### What is being asked
Exclude pictures and give again exactly the lines of the listing, beginning with its first line and ending with the one that contains "Une route sans".

### Given information

- Opening Delimiter -

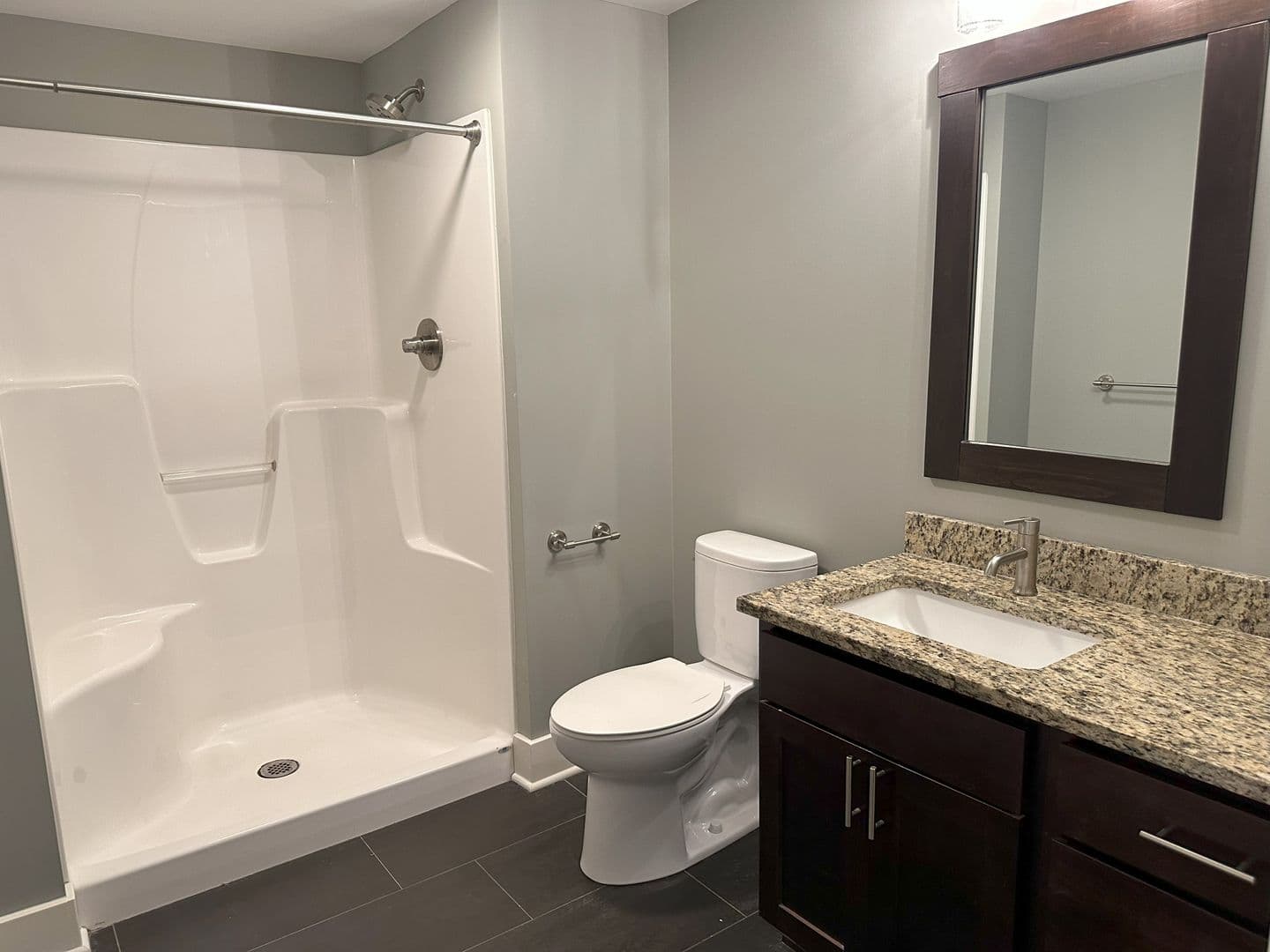 Grand Rapids Apartment: 820 Monroe Ave NW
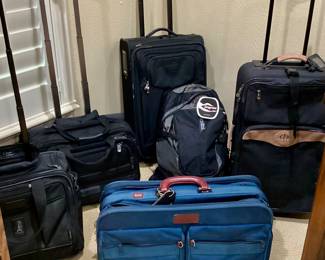 Lord selection of rolling suitcases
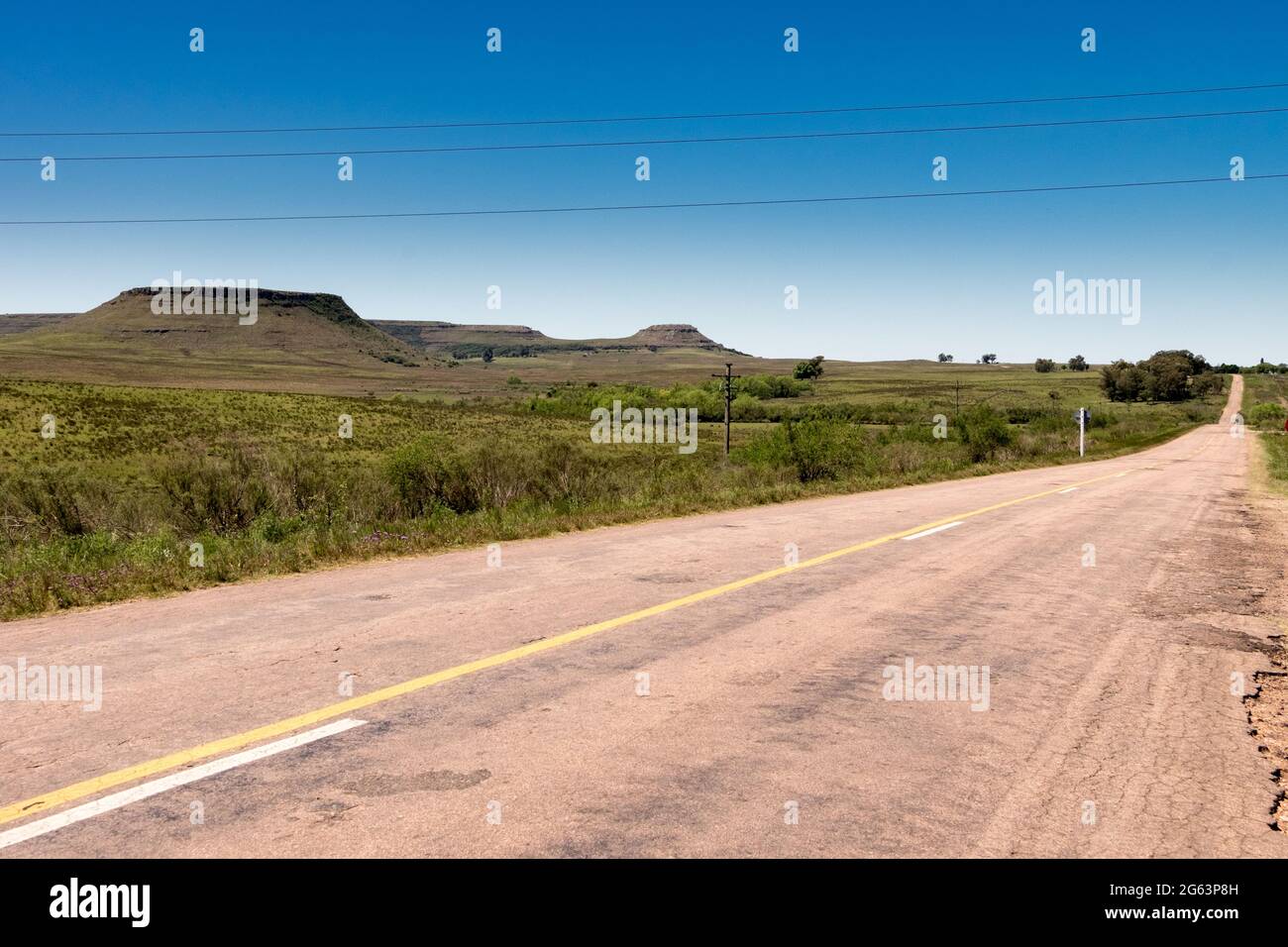 Une route sans voitures et quelques collines en arrière-plan en Uruguay, à côté de Tacuarembó. Formations de collines classiques sur cette partie du pays. Banque D'Images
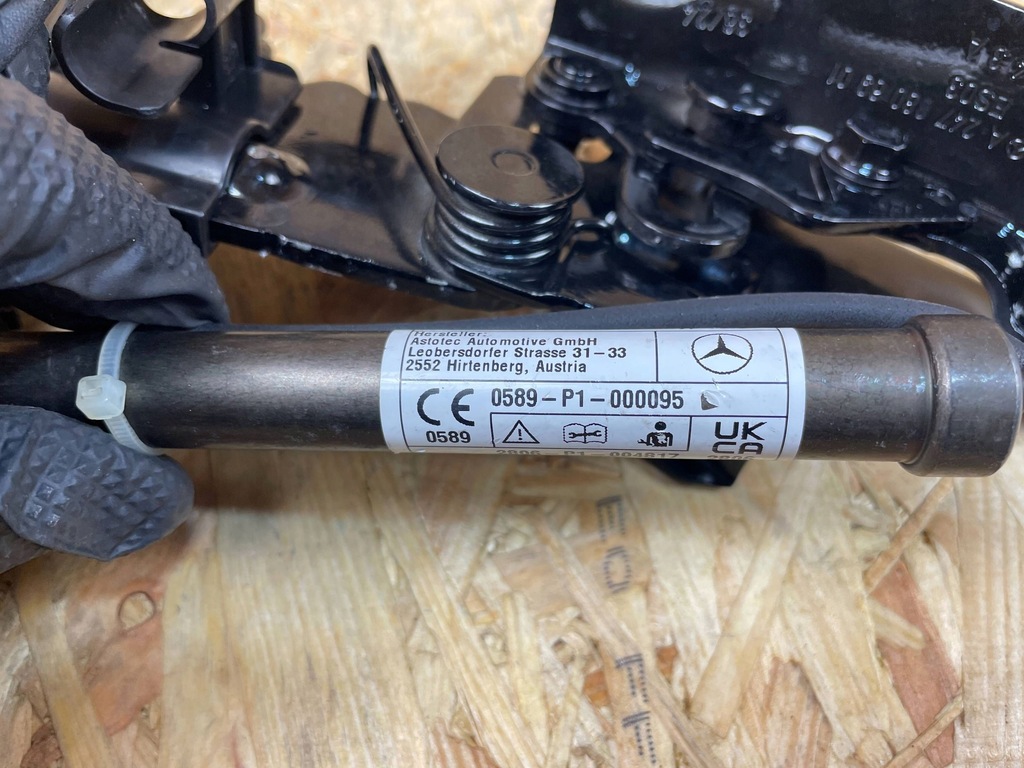 фото №9, Петля капот пиротехнический патрон левый mercedes gla w247 h247 a2478806901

- Closing Delimiter -

### Answer to this task
 Grand Rapids Apartment: 820 Monroe Ave NW
 Lord selection of rolling suitcases
 Une route sans voitures et quelques collines en arrière-plan en Uruguay, à côté de Tacuarembó. Formations de collines classiques sur cette partie du pays. Banque D'Images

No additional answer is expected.